詮ずるところ、この「分」の一字は一念三千の法門のことである。その故は、地獄は地獄の分際において仏果を証得するのであり、乃至、三千の諸法はすべて己々の当体の分において仏果を証得したのである。
(これこそ、)真実の我らの即身成仏なのである。今、日蓮等の類い、南無妙法蓮華経と唱うる分にて仏果を証得するのである。「分」とは、権教は無得道、法華経(南無妙法蓮華経)は成仏できるのであると(厳しく)分別すると意(こころ)得べきである。
また云わく、「分」とは、本門寿量品の意なり。【寿量品の文底に秘沈せられたる南無妙法蓮華経のことである。】
己々本分の分という意味になるのである。総じて、迹門初住分証(一分の証得)と云うのは、文上教相の所談であり、真実は(文底観心の意味では)本因初住位において、妙法蓮華経の究極の悟りを得るのである。分証のところにて一経は極まりたるなり。

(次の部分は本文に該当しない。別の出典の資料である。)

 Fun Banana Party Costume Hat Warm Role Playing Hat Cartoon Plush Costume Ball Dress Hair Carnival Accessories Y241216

※初住とは、絶対に退転しないという決意をした信心。不退転の位のこと。
広宣流布に向かって進んでいこうと決意した時、その一念の中に絶対に崩れない幸福境涯が築かれている。これが「一経は極りたるなり」の意味である。そこに一切の功徳が雲集してくることは絶対である。
第五 「而自廻転(しかして自ずから廻転す)」の事
記の五に云わく「あるいは大論のごとし。経に『而自廻転』と云うは、身子の記を得るを聞いて、法性自然にして転じ、因果・依正・自他ことごとく転ずるを表す」。

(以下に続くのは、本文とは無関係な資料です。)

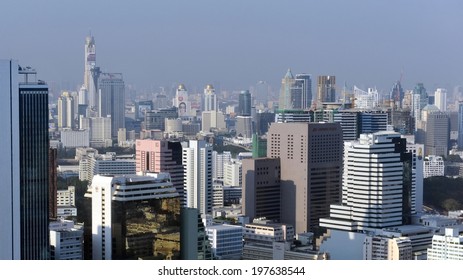BANGKOK - FEB 6: A view of Bangkok's modern skyline on Feb 6, 2013 in Bangkok, Thailand. The Thai capital is developing rapidly with a population of 8.3m and an economy worth 29% of the country's GDP.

御義口伝に云わく、草木成仏の証文に「而自廻転」の文を出だすなり。これ一念三千の依正体一の成仏を説き極めたるなり。草木成仏の証人とは、日蓮等の類い、南無妙法蓮華経と唱え奉るを指すなり。「廻転」とは、題目の五字なり。「自」とは、我ら行者のことなり。記の五の釈、能く能くこれを思うべし云々。
<講義より>
「而自廻転」とはつまり宿命転換のことである、と講義にありました。長い講義を一言でいうとそういうことです。

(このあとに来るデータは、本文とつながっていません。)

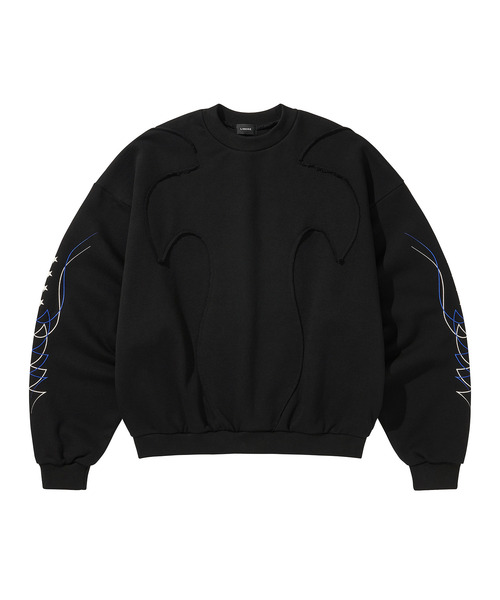 LIBERE（リベーレ）の「LIBERE リベーレ / WESTERN FLAME CREWNECK SWEAT ビッグシルエットウエスタンフレイムクルーネックスウェット / 255224-255225（スウェット・メンズ・ブラック/ブラウン・SMALL/MEDIUM/LARGE）」の6枚目の写真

宇宙の根源の南無妙法蓮華経という大生命を日蓮大聖人が一幅の御本尊に顕されて、それに境地冥合することで今まで積んできた悪しき宿命も善い宿命に転じることができる。環境を変え環境を支配していくことが「而自廻転」であるとも書かれている。戦争を平和に変えていくのも妙法の力であり「而自廻転」なのである、と。